Kubernetes

Kubernetes

Kubernetes is a popular system for deploying distributed applications on clusters, particularly in the cloud. You can use Kubernetes to launch Dask workers in the following two ways:

  1. Helm:

    You can deploy Dask and (optionally) Jupyter or JupyterHub on Kubernetes easily using Helm

    helm repo add dask https://helm.dask.org/    # add the Dask Helm chart repository
    helm repo update                             # get latest Helm charts
    # For single-user deployments, use dask/dask
    helm install my-dask dask/dask               # deploy standard Dask chart
    # For multi-user deployments, use dask/daskhub
    helm install my-dask dask/daskhub            # deploy JupyterHub & Dask
    

    This is a good choice if you want to do the following:

    1. Run a managed Dask cluster for a long period of time

    2. Also deploy a Jupyter / JupyterHub server from which to run code

    3. Share the same Dask cluster between many automated services

    4. Try out Dask for the first time on a cloud-based system like Amazon, Google, or Microsoft Azure where you already have a Kubernetes cluster.
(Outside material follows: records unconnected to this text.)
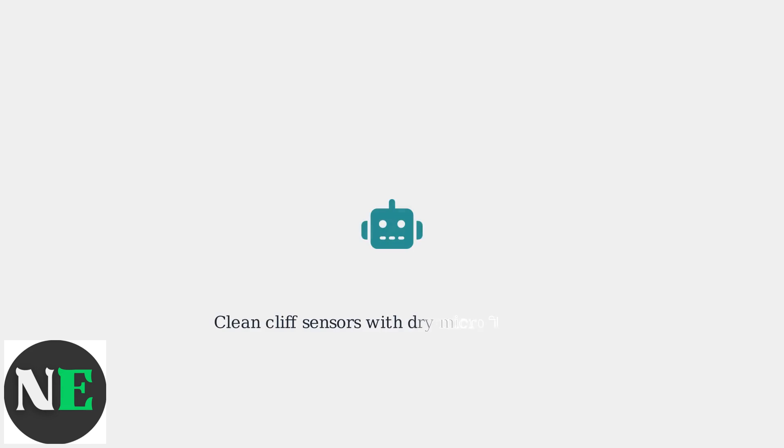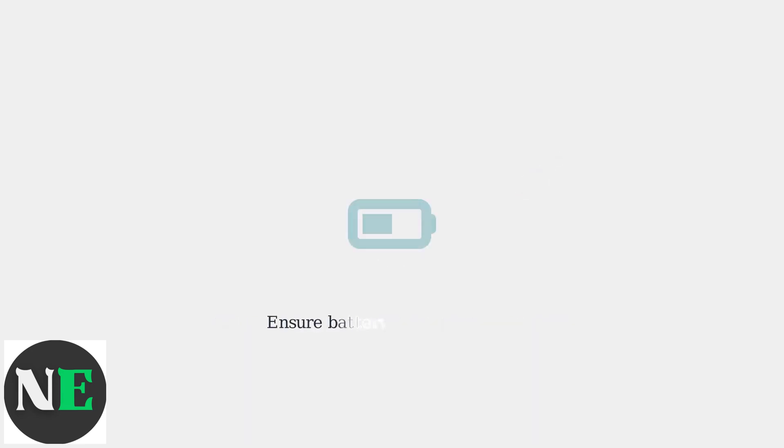First, thoroughly clean all cliff sensors on the bottom of the robot with a dry microfiber cloth. Next, ensure the robot's battery is fully charged.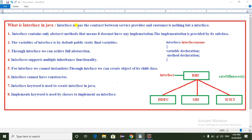Hello everyone, today I am going to explain what is the interface in Java and how to implement interface in a real-time example. First, what is the interface in Java? Interface means the contract between a service provider and customer.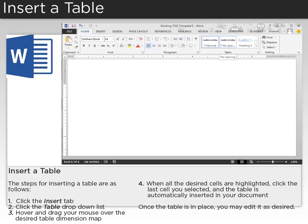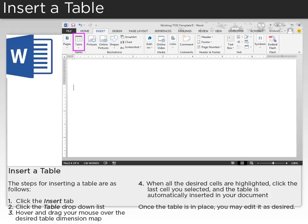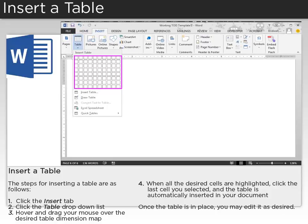The steps for inserting a table are as follows. First, click the Insert tab, then click the Table drop-down list, and hover and drag your mouse over the desired table dimension map.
If you don’t already have Kubernetes deployed, see our Cloud documentation.

    You can also use the HelmCluster cluster manager from dask-kubernetes to manage your Helm Dask cluster from within your Python session.
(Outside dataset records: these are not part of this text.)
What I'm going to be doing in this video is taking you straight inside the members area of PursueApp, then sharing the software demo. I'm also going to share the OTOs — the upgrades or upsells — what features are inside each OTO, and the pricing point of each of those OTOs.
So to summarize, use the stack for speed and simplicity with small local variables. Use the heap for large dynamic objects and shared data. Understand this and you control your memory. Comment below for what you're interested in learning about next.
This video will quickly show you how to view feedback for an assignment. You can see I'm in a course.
    from dask_kubernetes import HelmCluster
    
    cluster = HelmCluster(release_name="myrelease")
    cluster.scale(10)
    

    Note

    For more information, see Dask and Helm documentation.

  2. Native: You can quickly deploy Dask workers on Kubernetes from within a Python script or interactive session using Dask-Kubernetes

    from dask_kubernetes import KubeCluster
    cluster = KubeCluster.from_yaml('worker-template.yaml')
    cluster.scale(20)  # add 20 workers
    cluster.adapt()    # or create and destroy workers dynamically based on workload
    
    from dask.distributed import Client
    client = Client(cluster)
    

    This is a good choice if you want to do the following:

    1. Dynamically create a personal and ephemeral deployment for interactive use

    2. Allow many individuals the ability to launch their own custom dask deployments, rather than depend on a centralized system

    3. Quickly adapt Dask cluster size to the current workload

    Note

    For more information, see Dask-Kubernetes documentation.

You may also want to see the documentation on using Dask with Docker containers to help you manage your software environments on Kubernetes.